Equipment manufacturer Manitou reported strong sales through the end of 2018's third quarter, with steady growth in all of its sectors, the company announced recently.
- Q3'18 revenues of €419m*, +18% vs. Q3'17, + 19% like for like**
- Cumulative 9-month sales of €1,360m*, +17% vs. Q3'17, +19% like for like
- Q3'18 order intake on equipment of €346m vs. €311m in Q3'17
- End of Q3'18 order book on equipment at €825m vs. €526m in Q3'17
Michel Denis, President and Chief Executive Officer, stated: "In markets that remain buoyant, the group is continuing to expand in all sectors and most geographies. The successes of new products and services and the penetration of new markets reinforce this growth.
"The industrial sites continued to accelerate their production rates with a good control of the operational chain in a context of supply constraints. In the United States, the scarcity of manpower and the impacts of the entry into force of the new customs tariffs make the conditions of activity more expensive.
"In this context, I am pleased that this growth is accompanied by strong job creation at all our sites. Order intake increased by more than 10% compared to Q3 2017, which was already very good. As a result, our order book remains at a high level and close to the level we had at the end of June.
"The depth of our portfolio allows us to confirm our outlook for revenue growth for 2018 of more than 15% compared to 2017, as well as the improvement in recurring operating income by more than 80 basis points, or around 6.8% of revenue."
Business Review by Division
With third quarter sales of €277 million, the Material Handling & Access Division - (MHA) recorded an increase of +19% compared to Q3 2017 and +17% over the first nine months of the year (and +19% at constant scope, accounting standard and exchange rates). The dynamics of the construction, agriculture and industrial markets remain very buoyant. The division continues, with all its suppliers, to organize the acceleration of some of its sites in order to maintain its delivery times.
The Compact Equipment Products Division - (CEP) generated revenue of €74 million, an increase of +26% compared to Q3 2017 and +28% over nine months (+28% at constant scope, accounting standard and exchange rates). With a favorable outlook, including with rental companies, the division continues to accelerate by having to deal with labor tensions, supply chain tensions and the impact of customs tariff increases.

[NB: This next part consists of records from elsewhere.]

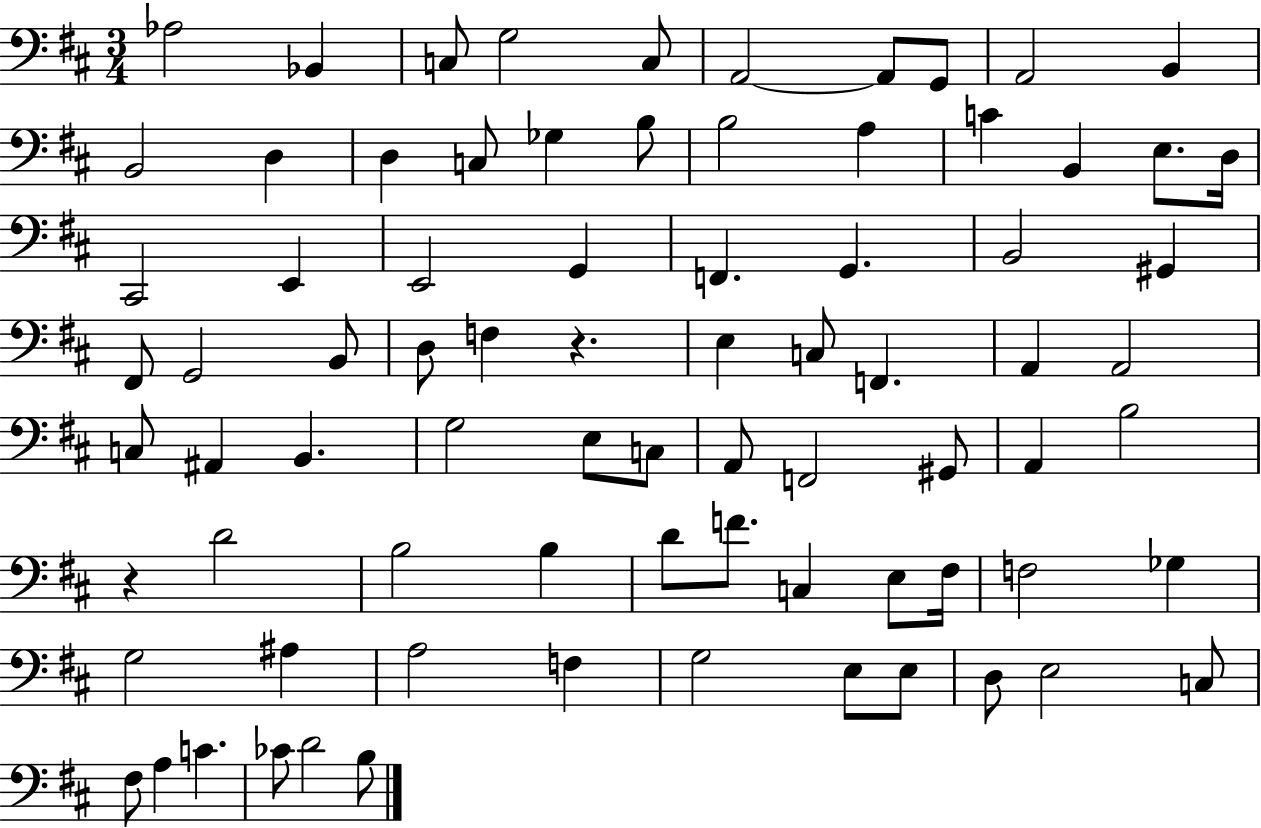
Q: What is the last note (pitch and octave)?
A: B3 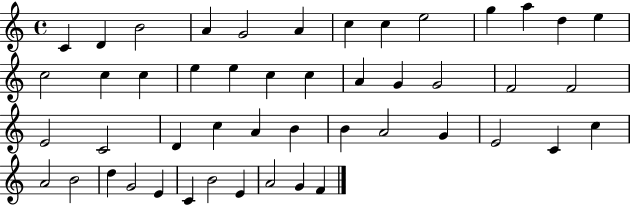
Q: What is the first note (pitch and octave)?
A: C4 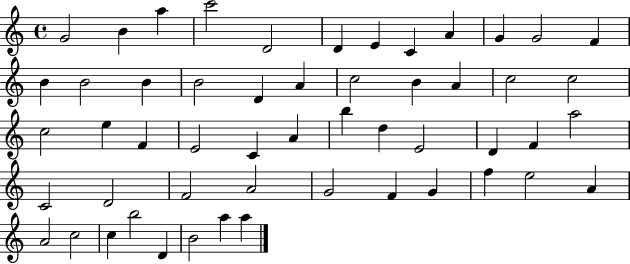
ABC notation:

X:1
T:Untitled
M:4/4
L:1/4
K:C
G2 B a c'2 D2 D E C A G G2 F B B2 B B2 D A c2 B A c2 c2 c2 e F E2 C A b d E2 D F a2 C2 D2 F2 A2 G2 F G f e2 A A2 c2 c b2 D B2 a a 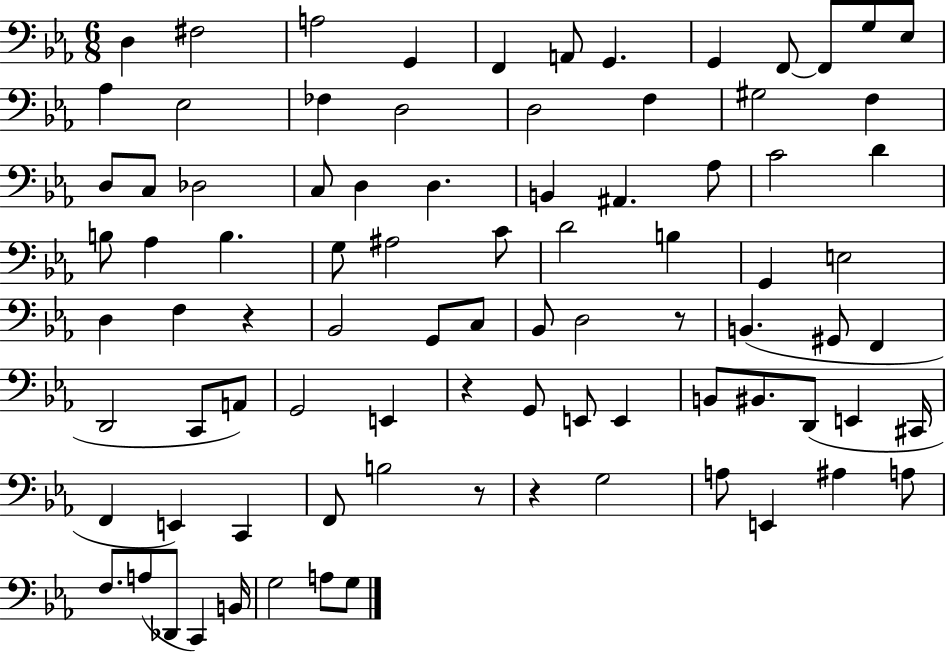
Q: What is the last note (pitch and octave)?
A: G3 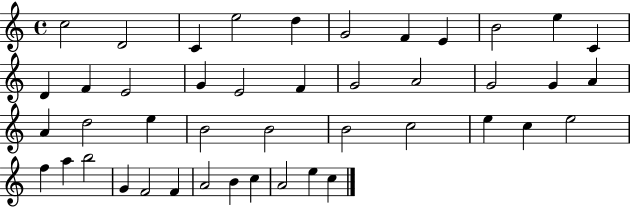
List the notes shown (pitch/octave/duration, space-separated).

With revenues of €68 million, the Services & Solutions Division - (S&S) recorded an increase in its revenue of +8% compared to Q3 2017 (+8% at constant scope, accounting standard and exchange rates). The division continues to develop its spare parts and attachments activities, while accelerating its progress in service activities.
*IFRS 15 applied from January 1st, 2018, without 2017 restatement (prospective method)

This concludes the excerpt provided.